この字が日本に渡ってきてから発生した意味だと考えても、「玉露」という飲み物の
「味」ではなく「色つや」をわざわざ漢字一字を当ててほめるなんて、不自然だと
思わなかったのでしょうか。


この漢字の意味を辞書で調べてみました。

「玉の色つやの美しいあざやかなさま」(大漢和辞典)
「玉の清浄鮮潔なさま」(講談社新大字典)
「玉の色の鮮やかなさま」(新潮日本語漢字辞典)
「玉の色つやが鮮やかなさま」(新漢語林)
「玉の色があざやかなさま」(漢字源<電子辞書版>)

もうおわかりですね。


「ぎょくろ」じゃなくて「ぎょく」!!


ここでいう「ぎょく」とは宝石などのことです。
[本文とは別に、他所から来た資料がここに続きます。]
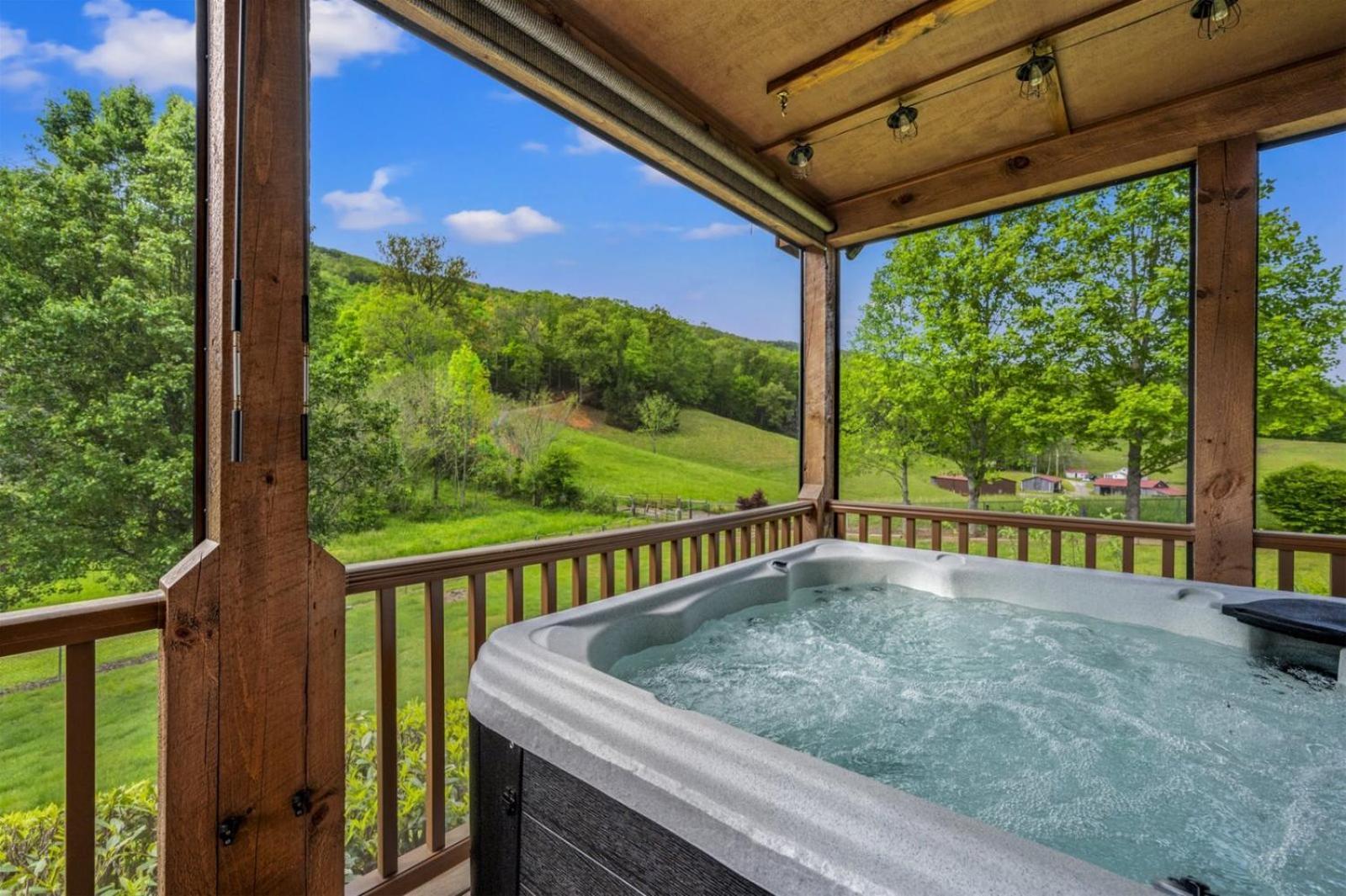 Hidden Star Hideaway-Blackberry Farm-Smoky Mtn Nat Park-Hot Tub- Fire Pit- Fenced Yard- Pet Friendly Walland Bagian luar foto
「宝玉」って言葉ありますよね。
何てことはない、この字は「宝石がきれい」という意味であり、日本茶をほめてる
わけではありません。
当たり前です。

上に挙げた辞書のうち「新漢語林」と「漢字源」は、そこいらの学生が普通に
使っていてもおかしくないような小型の漢和辞典です。
だから、誰でも調べようと思いさえすればこの結論にたどりつくはずなんですが。

コピペした(というかパクった)ネタをサイトに載せて注目を集めたい人たちは、
ネタにインパクトがあればそれが本当か嘘かはあまり関係ないのかもしれませんね。
自分で調べる気なんて全くないんでしょう。


最初に「ぎょくろのいろつやのすばらしいさま」と紹介した某サイトの方は当初
「ぎょくろ」だと勘違いして紹介していたようですが、現在は修正されています。

でもそれをコピペして紹介した複数のサイトは、相変わらず「ぎょくろ」のまま。
前述のとおり彼らはネタが本当か嘘かは気にしないので、元ネタが修正されて
いようが関係ないのでしょう。
というより、パクって自分のサイトに載せたらもう興味を失って次のネタを探しに
行くので、修正されていても気付かないのかもしれませんね。


本当だろうと嘘だろうと、インパクトがあるネタが広まる。
例えば嘘が訂正されてもその訂正自体にインパクトがないと広まらないわけですね。




ネット上には様々なサイトがありますが、いろいろなネタを広く浅く紹介している
サイトにはガセネタが紛れている場合があります。気を付けましょう。